▼
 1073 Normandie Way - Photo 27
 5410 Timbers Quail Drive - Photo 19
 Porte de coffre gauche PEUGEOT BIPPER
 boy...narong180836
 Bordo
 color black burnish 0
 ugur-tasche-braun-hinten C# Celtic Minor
▲
▼
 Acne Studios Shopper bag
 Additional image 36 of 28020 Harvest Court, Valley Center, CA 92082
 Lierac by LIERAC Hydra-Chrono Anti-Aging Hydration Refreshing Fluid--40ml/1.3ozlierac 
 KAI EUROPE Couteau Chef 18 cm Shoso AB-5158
▲
WORK INSTRUCTIONS —
Which lines above run from the one containing "color black burnish 0" to the one containing "ugur-tasche-braun-hinten C# Celtic Minor"? Give them again exactly, both ends included.

OUTPUT FOR THIS EXERCISE —
 color black burnish 0
 ugur-tasche-braun-hinten C# Celtic Minor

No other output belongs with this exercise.